Frequently in my years of teaching dance related subjects, I
have found that the best of what I have to offer the students I work with comes
from my 18-year (and counting) study of vinyasa yoga. This semester proved to be no exception, in
fact Hinduism, Buddhism and Yoga even have a single word for this shockingly interdisciplinary habitual body/mind; Samskara.
Samskara defines physical and mental patterning as not only the
product of this lifetime, but a response to the accumulation of multiple
lifetimes of habit building. Whether or not you
believe in reincarnation, the habits of multiple lifetimes are surely what
create the cultural/social traditions that enmesh, condition and define us. Samskara explains how the habits of consciousness we develop in this lifetime, which manifest as our physical posture, intertwine with cultural, raced,
gendered, classed memory causing our bodies and minds to be subjected to
infinitely more unconscious instructions than conscious ones.
Whether we are
talking about tucking our pelvis under as a weakness in our lower back and
strain on our hip flexors, or a conditioned response to being told that our
butt is too big to be in a certain kind of dance class, we are talking about a
detrimental physical/mental habit that the practitioner needs to become aware
of, before they can respond to it in a healthy way.
If the realization of pelvic miss-alignment comes through a conversation
about the relationship between the curved sacrum and pelvis or an articulation
of the lingering Western European dominance in popular dance and marketing
aesthetics, it doesn’t really matter.
What the student needs to do is to pause their habitual reactions to what they are experiencing long
enough to actually feel their own pelvis.
Where is it right now?
“Why am I doing
what I am doing?” is an excellent question, but useless, unless one first knows
what they are doing and that, more often than not, it is a choice.
One cannot make a
change unless one knows where one is to begin with.

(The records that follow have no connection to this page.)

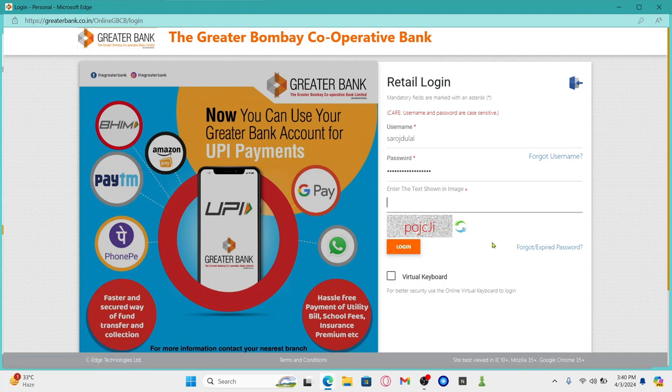And now you will be logged into your Greater Bank account right away. In case you have forgotten your username or your password, you will find the respective buttons underneath the username and password section.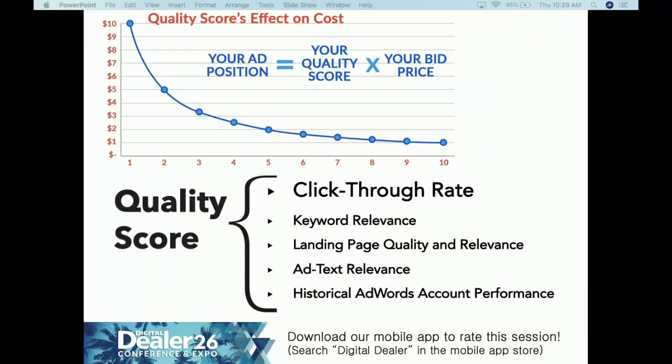Quality score — if your agency or internal team isn't talking about it, they need to start. Quality score directly affects your bid price and ad position. Your ad rank equals quality score times bid price. For example, if Dealership A has a quality score of three and Dealership B has a quality score of six, Dealership A has to bid twice as much to compete. A quality score of three has to bid twice as much as a quality score of six. That's a content plan for a better bottom line because you're optimizing your spend.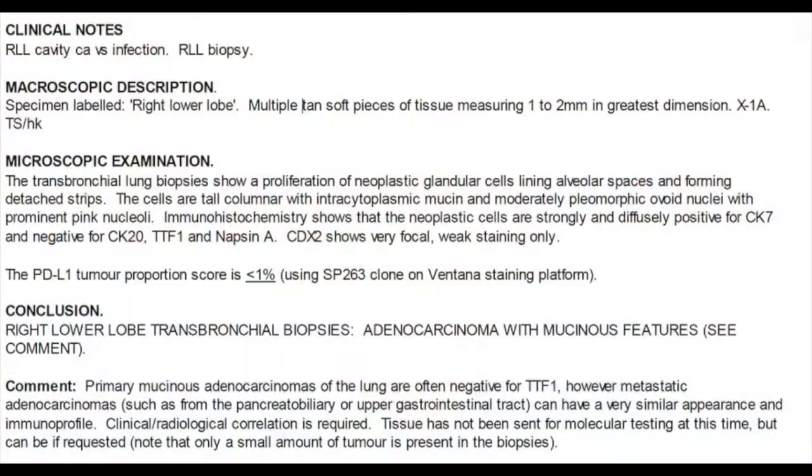The biopsies have been taken through the radial EBUS and sent to pathology. The pathology conclusion is that the right lower lobe transbronchial biopsies showed adenocarcinoma with mucinous features. Immunohistochemistry has been performed, and PD-L1 testing has been performed to help guide therapy. Unfortunately that's a bad result for the patient; however, it's important that we've confirmed there is a lung cancer and identified what type. The next step is to perform staging investigations to determine whether there's been spread, and that will determine the treatment — hopefully it will be contained within the lungs so curative treatment can be offered.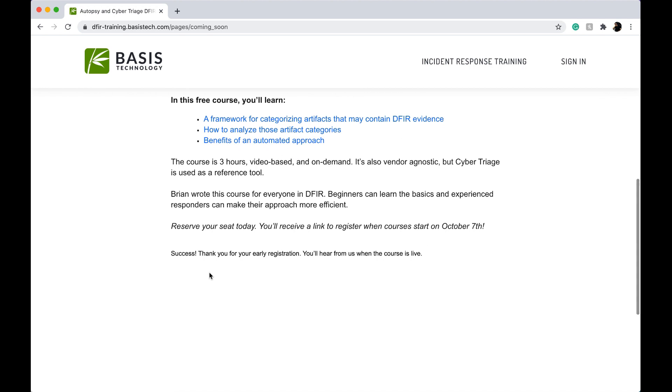All done — it's a success. Thank you for early registration. You will hear from us when the course is live.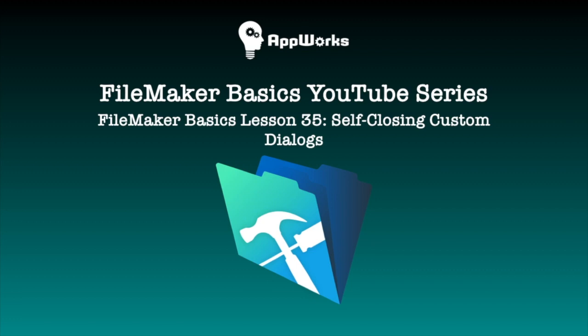Hi, this is Michelle at AppWorks and today I'm going to show you how to create custom dialog boxes using card windows.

That requires listening, feeling, and not holding on so tightly to what you think you know that you cannot see that, "you are a victim of the rules you live by." (Jenny Holzer).
Our embodied experience is contextual and always in motion. The body's inescapability as our main sensory means of experiencing the world we live in, and its constant state of change, can teach us that mental constructs such as Right/Wrong, Good/Bad, Beautiful/Ugly are also contextual concepts.
It is interesting to teach in a liberal arts institution. There are a lot of ideas bouncing around. But in terms of giving the students an opportunity to actually learn something, I am increasingly grateful that I teach an embodied discipline... mostly so that I don't need to justify teaching meditation. All this liberal arts education is pretty useless with out enough space in it for students to occasionally pause and witness the journey they are on. It is through this understanding, that we are all changing constantly, and that all of life is a process, that students will be able to manifest their own power to contribute to/conduct that flow.